Records from a dataset
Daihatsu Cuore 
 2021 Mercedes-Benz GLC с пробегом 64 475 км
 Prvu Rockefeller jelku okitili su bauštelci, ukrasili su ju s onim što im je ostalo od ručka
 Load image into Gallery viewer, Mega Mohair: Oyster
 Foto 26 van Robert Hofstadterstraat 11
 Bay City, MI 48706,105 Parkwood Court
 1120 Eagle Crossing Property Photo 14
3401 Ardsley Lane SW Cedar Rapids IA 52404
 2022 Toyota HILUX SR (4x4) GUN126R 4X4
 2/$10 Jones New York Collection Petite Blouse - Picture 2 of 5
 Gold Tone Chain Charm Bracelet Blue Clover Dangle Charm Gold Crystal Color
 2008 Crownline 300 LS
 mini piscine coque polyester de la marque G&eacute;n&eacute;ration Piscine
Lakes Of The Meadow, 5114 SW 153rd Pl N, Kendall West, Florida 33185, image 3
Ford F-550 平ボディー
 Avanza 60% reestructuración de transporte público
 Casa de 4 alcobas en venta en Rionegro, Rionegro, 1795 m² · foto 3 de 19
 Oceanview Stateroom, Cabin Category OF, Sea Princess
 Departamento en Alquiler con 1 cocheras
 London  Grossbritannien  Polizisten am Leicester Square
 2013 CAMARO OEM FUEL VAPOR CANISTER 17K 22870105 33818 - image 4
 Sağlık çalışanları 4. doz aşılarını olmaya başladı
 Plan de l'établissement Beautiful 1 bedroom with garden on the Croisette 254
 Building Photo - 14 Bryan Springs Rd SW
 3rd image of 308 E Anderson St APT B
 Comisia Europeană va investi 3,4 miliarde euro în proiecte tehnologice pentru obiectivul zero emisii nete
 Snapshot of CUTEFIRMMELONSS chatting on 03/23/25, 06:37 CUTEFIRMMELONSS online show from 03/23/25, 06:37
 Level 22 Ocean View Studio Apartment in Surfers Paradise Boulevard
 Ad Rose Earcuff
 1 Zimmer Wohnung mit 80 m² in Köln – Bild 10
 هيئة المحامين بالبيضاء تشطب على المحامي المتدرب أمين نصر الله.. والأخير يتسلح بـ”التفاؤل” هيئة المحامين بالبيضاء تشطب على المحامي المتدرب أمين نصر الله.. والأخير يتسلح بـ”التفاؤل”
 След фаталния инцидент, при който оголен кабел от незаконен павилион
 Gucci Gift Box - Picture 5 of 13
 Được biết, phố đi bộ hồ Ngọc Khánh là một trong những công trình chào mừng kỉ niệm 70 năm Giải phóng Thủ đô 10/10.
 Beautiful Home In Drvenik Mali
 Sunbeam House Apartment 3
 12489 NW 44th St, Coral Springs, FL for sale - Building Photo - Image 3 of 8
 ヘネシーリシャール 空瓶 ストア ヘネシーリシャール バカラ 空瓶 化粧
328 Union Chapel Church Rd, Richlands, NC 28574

_Required work_. If a line falls between the first line of the records and the line containing "Departamento en Alquiler con 1 cocheras", inclusive, repeat it exactly; leave out all others.

_Reply_.
Daihatsu Cuore 
 2021 Mercedes-Benz GLC с пробегом 64 475 км
 Prvu Rockefeller jelku okitili su bauštelci, ukrasili su ju s onim što im je ostalo od ručka
 Load image into Gallery viewer, Mega Mohair: Oyster
 Foto 26 van Robert Hofstadterstraat 11
 Bay City, MI 48706,105 Parkwood Court
 1120 Eagle Crossing Property Photo 14
3401 Ardsley Lane SW Cedar Rapids IA 52404
 2022 Toyota HILUX SR (4x4) GUN126R 4X4
 2/$10 Jones New York Collection Petite Blouse - Picture 2 of 5
 Gold Tone Chain Charm Bracelet Blue Clover Dangle Charm Gold Crystal Color
 2008 Crownline 300 LS
 mini piscine coque polyester de la marque G&eacute;n&eacute;ration Piscine
Lakes Of The Meadow, 5114 SW 153rd Pl N, Kendall West, Florida 33185, image 3
Ford F-550 平ボディー
 Avanza 60% reestructuración de transporte público
 Casa de 4 alcobas en venta en Rionegro, Rionegro, 1795 m² · foto 3 de 19
 Oceanview Stateroom, Cabin Category OF, Sea Princess
 Departamento en Alquiler con 1 cocheras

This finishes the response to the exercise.